* _Dataset entries_:
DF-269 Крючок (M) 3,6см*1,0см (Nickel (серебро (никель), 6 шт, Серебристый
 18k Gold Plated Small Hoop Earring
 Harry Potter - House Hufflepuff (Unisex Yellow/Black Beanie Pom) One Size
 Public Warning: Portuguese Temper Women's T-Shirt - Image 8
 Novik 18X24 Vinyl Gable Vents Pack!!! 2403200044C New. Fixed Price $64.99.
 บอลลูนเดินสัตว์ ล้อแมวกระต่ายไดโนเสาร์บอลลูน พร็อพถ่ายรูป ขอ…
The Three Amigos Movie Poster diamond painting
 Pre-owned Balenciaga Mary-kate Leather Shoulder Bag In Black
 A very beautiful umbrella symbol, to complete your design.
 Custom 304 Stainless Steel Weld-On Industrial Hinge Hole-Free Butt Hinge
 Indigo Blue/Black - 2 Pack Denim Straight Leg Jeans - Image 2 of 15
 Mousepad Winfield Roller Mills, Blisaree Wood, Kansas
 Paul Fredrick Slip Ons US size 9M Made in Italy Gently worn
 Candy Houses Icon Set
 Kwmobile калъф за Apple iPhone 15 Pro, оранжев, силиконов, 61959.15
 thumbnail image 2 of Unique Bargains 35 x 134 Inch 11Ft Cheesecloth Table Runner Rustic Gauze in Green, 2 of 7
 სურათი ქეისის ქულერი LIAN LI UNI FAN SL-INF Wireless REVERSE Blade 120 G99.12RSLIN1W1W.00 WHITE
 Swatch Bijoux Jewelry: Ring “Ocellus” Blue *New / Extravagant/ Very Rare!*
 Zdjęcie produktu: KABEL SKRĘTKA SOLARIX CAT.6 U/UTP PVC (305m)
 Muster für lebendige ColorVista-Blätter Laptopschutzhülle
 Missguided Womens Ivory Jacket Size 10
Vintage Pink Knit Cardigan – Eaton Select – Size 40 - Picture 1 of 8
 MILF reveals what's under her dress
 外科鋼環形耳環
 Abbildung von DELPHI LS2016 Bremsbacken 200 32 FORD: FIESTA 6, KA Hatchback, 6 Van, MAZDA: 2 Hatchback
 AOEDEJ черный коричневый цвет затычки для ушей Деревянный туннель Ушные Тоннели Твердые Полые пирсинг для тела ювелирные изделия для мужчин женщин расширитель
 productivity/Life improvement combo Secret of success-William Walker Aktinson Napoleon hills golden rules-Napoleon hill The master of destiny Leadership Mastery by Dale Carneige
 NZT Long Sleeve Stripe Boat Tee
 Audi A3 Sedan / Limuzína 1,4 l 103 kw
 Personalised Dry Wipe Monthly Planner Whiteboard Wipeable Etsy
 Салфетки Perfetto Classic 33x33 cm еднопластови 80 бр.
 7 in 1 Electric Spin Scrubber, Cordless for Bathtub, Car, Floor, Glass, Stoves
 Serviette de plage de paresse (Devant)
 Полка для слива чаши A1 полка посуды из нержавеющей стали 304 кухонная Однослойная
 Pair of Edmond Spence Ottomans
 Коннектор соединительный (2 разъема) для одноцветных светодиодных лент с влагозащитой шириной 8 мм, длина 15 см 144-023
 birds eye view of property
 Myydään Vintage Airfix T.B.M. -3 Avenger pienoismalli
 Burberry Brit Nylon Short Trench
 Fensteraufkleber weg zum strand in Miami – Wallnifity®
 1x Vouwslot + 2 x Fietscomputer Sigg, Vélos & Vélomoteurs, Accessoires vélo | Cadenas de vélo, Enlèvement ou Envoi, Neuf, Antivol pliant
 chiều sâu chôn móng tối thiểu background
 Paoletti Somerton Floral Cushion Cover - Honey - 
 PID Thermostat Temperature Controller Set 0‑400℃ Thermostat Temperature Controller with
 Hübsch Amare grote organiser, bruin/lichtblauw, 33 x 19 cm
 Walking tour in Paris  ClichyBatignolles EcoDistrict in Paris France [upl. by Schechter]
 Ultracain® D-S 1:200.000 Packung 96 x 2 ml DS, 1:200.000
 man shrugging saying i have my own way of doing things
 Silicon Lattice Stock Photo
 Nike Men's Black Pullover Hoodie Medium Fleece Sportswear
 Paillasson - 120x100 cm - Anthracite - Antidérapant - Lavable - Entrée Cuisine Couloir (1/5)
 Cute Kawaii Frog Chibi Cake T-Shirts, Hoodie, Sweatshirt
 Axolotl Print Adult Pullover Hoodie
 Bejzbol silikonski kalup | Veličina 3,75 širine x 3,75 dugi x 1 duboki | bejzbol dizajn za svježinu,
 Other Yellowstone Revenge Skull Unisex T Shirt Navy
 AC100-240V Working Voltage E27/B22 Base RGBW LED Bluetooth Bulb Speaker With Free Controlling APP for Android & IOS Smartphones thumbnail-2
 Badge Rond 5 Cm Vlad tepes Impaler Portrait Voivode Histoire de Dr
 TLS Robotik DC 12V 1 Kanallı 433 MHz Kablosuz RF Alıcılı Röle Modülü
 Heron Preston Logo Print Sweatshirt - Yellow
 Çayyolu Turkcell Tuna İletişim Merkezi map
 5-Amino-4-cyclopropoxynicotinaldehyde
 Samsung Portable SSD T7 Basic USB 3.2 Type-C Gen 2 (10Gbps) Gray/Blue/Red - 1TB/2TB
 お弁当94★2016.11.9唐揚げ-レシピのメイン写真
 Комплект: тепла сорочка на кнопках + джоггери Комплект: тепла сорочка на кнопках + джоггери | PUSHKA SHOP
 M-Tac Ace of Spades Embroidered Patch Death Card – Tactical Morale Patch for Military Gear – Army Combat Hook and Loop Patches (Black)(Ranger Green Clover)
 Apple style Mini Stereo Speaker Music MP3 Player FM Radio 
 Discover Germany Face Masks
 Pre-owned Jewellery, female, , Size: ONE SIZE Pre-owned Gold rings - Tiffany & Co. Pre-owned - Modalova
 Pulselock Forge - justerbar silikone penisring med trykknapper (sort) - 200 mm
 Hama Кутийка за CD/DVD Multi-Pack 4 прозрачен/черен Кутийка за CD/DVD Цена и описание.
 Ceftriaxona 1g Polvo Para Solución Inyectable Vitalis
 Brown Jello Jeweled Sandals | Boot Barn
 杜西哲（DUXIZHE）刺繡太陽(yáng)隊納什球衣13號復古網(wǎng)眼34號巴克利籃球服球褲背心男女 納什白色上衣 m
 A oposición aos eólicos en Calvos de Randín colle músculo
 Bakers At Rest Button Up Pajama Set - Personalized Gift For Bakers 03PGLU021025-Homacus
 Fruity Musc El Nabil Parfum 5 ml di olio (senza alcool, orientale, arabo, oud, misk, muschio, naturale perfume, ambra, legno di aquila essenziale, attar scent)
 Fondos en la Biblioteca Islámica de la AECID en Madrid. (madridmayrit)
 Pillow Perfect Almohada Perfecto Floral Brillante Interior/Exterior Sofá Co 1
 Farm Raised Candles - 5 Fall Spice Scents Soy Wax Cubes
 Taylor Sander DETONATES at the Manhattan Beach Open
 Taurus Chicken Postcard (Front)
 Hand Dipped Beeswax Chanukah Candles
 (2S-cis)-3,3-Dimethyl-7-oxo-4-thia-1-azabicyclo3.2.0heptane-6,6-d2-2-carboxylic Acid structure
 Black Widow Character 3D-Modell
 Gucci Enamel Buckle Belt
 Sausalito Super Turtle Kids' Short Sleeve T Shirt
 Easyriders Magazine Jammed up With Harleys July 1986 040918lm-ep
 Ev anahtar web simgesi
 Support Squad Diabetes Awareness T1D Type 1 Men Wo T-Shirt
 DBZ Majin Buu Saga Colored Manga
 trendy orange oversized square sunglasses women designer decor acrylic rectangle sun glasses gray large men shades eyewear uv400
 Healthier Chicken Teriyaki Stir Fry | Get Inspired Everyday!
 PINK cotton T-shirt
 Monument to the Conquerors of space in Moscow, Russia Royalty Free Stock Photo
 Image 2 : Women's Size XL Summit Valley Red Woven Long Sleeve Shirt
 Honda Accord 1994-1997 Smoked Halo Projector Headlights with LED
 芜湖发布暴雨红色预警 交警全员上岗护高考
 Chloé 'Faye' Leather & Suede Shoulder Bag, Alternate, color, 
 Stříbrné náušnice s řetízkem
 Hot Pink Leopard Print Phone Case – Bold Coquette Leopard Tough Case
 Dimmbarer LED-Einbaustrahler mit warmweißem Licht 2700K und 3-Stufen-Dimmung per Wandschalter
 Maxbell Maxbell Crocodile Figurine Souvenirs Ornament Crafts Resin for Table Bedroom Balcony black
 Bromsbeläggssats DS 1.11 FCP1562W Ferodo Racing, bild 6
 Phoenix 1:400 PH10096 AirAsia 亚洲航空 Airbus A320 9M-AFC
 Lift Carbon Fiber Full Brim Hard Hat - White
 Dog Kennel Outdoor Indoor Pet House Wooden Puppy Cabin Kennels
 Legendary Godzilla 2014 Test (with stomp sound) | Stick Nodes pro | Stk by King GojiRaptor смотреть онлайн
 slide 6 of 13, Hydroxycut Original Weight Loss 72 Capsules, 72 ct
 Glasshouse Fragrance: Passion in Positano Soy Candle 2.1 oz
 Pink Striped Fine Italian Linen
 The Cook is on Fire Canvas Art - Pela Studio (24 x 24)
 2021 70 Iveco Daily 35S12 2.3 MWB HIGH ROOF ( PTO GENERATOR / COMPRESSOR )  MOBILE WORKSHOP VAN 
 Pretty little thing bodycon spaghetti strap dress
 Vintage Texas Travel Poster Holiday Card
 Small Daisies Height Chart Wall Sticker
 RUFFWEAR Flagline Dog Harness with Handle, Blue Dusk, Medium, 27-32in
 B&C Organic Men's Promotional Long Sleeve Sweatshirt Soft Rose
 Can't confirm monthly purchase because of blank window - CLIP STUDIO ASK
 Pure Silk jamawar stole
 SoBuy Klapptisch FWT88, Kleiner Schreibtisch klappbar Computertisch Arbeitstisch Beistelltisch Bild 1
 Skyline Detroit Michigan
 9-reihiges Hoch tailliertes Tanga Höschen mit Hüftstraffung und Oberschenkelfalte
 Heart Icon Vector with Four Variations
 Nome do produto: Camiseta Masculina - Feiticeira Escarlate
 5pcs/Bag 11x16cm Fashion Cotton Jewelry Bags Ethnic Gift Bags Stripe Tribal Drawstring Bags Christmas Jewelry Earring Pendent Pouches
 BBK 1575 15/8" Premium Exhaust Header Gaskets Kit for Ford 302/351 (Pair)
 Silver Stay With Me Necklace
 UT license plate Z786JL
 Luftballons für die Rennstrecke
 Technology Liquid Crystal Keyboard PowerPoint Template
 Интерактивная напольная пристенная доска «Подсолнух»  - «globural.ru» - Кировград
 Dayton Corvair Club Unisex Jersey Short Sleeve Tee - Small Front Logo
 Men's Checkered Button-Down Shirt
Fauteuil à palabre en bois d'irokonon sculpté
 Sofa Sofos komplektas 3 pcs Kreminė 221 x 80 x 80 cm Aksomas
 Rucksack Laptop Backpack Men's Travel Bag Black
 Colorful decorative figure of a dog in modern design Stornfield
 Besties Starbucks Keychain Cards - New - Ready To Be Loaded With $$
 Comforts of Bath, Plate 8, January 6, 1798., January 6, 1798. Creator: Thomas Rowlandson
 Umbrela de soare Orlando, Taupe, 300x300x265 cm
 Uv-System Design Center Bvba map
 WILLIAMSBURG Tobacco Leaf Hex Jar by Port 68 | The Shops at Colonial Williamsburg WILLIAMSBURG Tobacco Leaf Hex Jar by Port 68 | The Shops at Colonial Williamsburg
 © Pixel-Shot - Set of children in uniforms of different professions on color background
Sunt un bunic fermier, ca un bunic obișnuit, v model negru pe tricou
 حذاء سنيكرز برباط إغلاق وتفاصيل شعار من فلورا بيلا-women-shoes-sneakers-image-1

* _Exercise requirements_: Using the string "Sleeve" as the search term, count the lines of the data above that hold it and report that number alone.

* _Result for this exercise_: 5